* [Task details] In the data below, find the line with "Dining - 136" and the line with "Kia Rio X-Line", then restate both and every line between them exactly, minus the pictures.

* [Stored entries]
━━━━━━━━━━━━━━━━
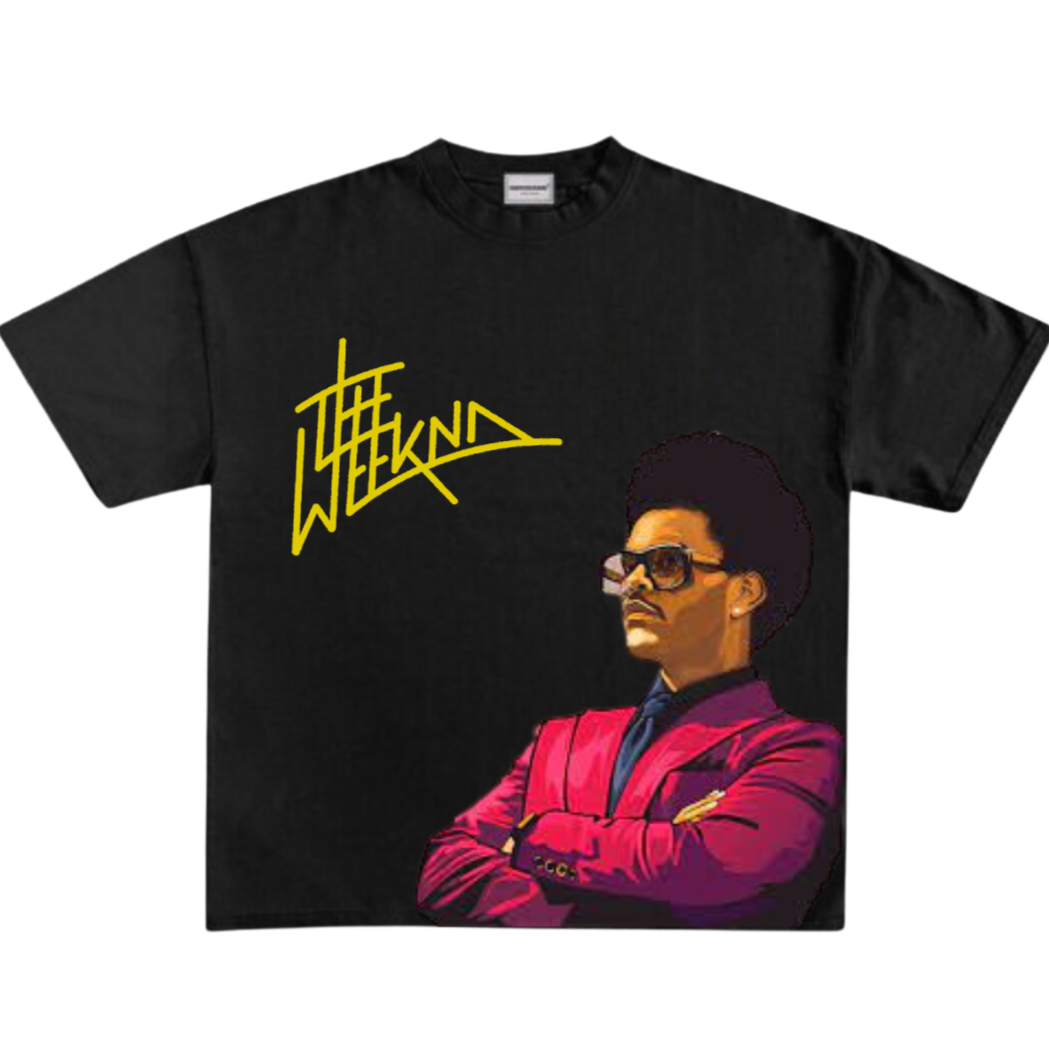 The Weeknd T-Shirt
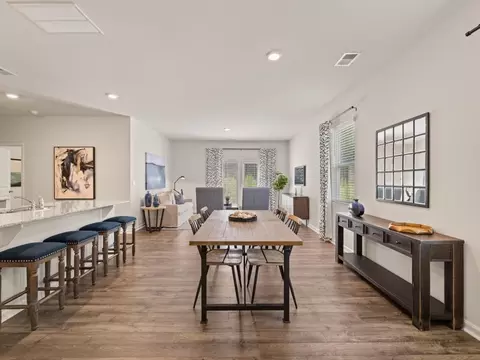 Dining - 136 Rolling Meadow Trce, Jasper, GA 30143 photo 1 of 2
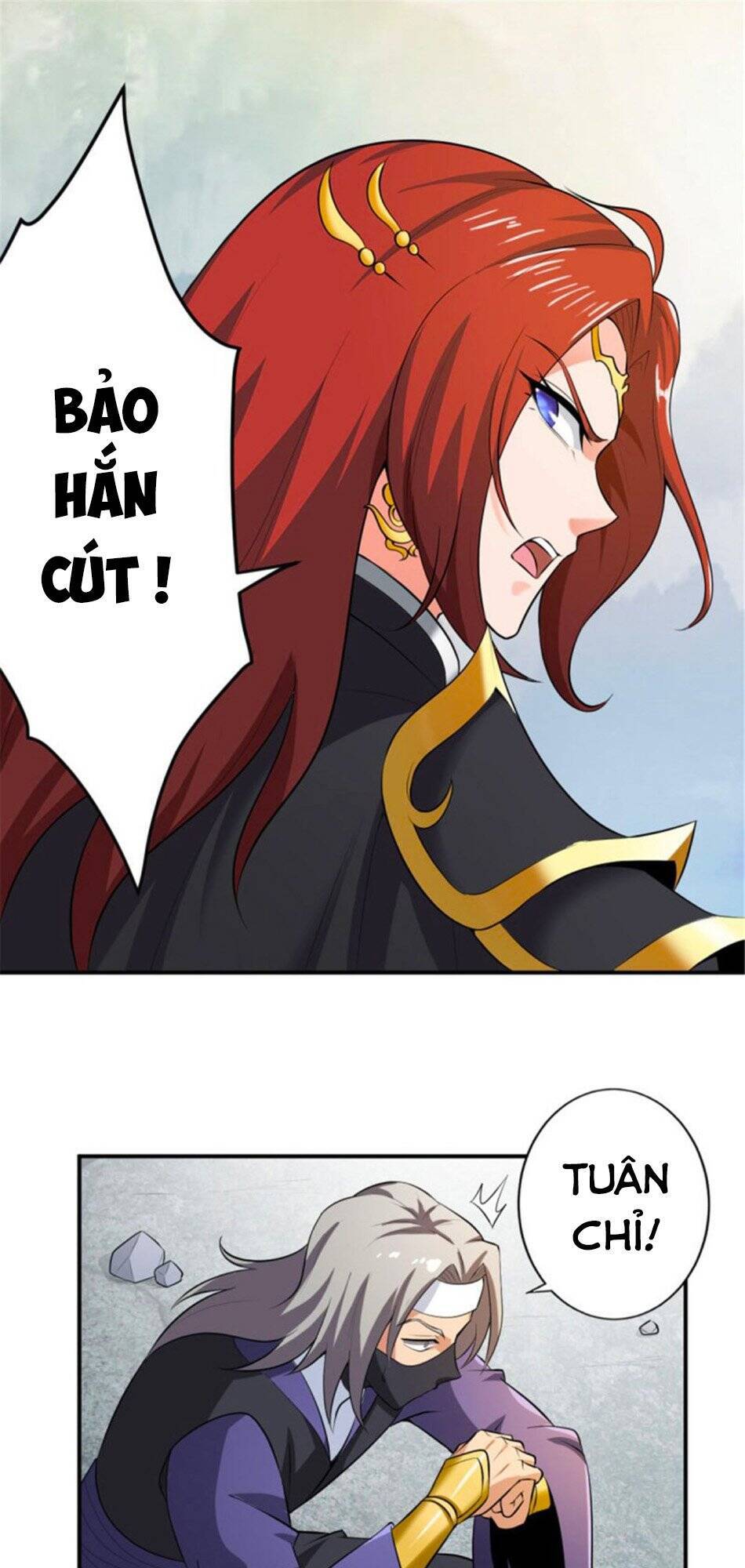 Nhất Kiếm Độc Tôn Chapter 125 - Trang 2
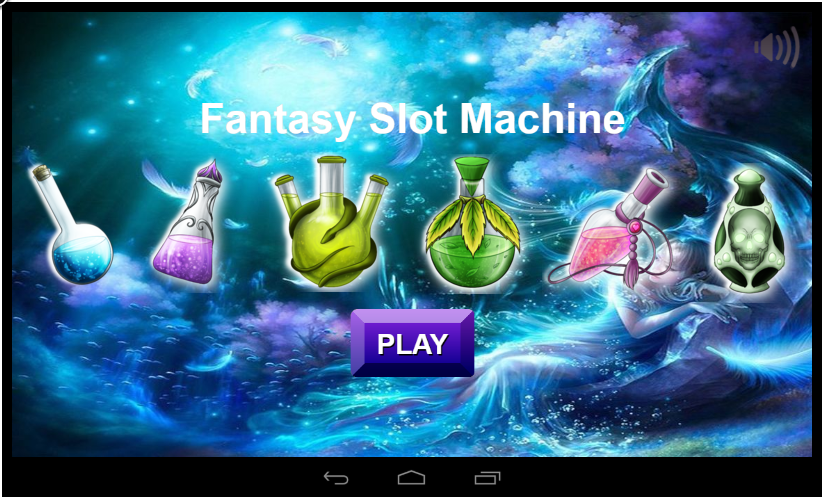 Slot Machine Fantasy Screenshot1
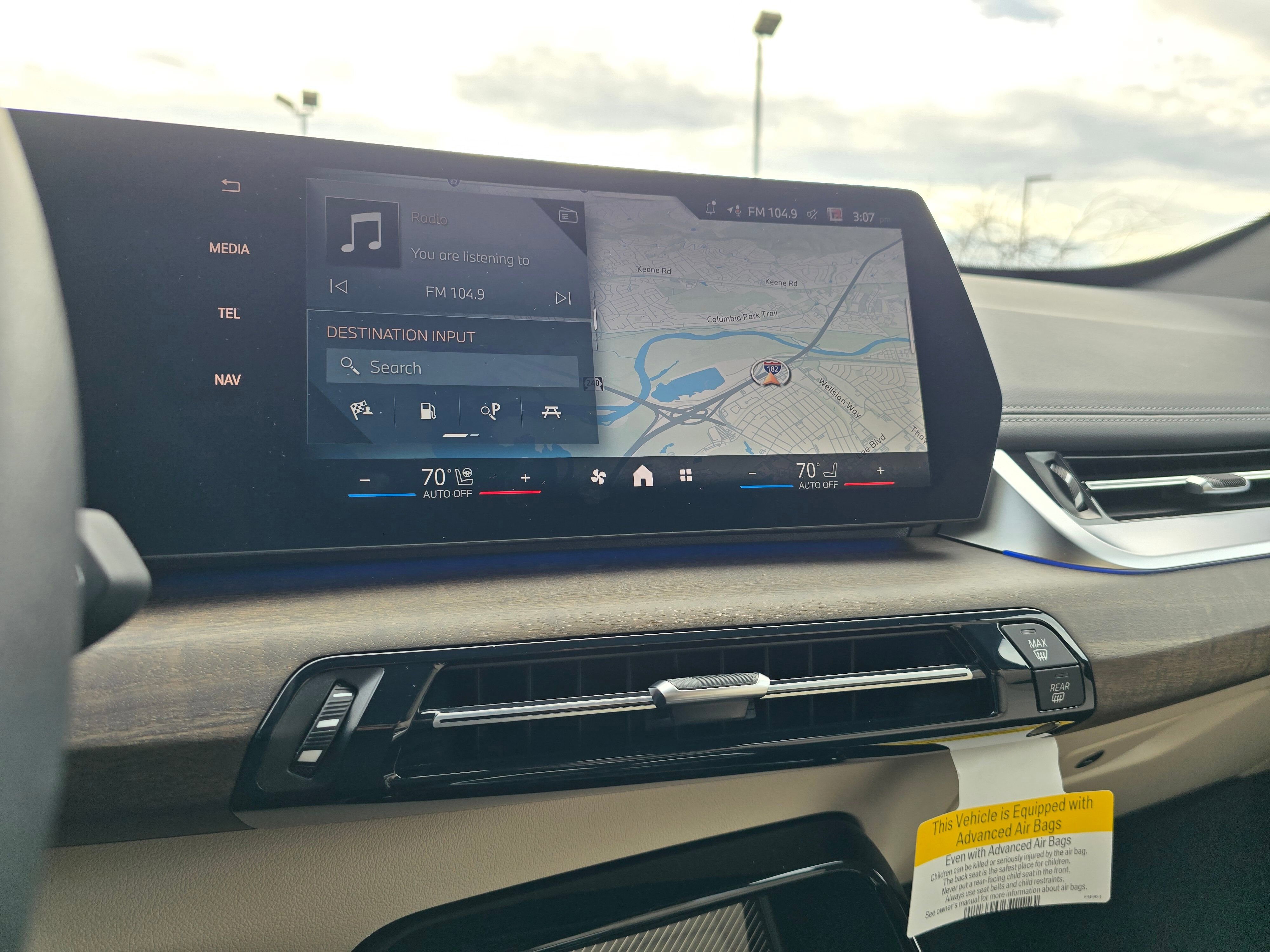 Certified 2025 BMW X1 xDrive28i w/ Convenience Package image 69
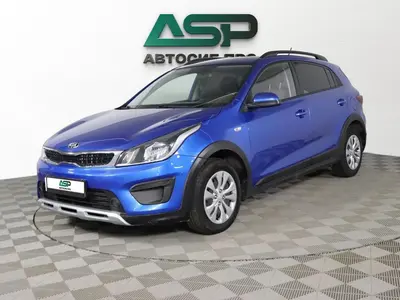 Kia Rio X-Line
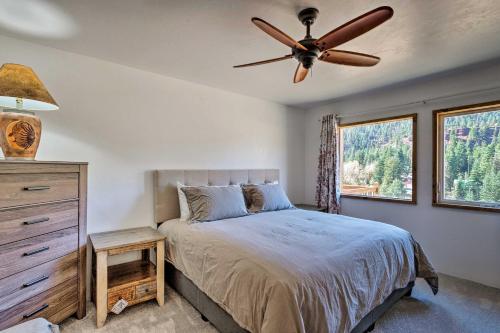 Luxury Ouray Home W / Panoramic Mountain Views! - thumb 5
━━━━━━━━━━━━━━━━
* [Result for this exercise]
 Dining - 136 Rolling Meadow Trce, Jasper, GA 30143 photo 1 of 2
 Nhất Kiếm Độc Tôn Chapter 125 - Trang 2
 Slot Machine Fantasy Screenshot1
 Certified 2025 BMW X1 xDrive28i w/ Convenience Package image 69
 Kia Rio X-Line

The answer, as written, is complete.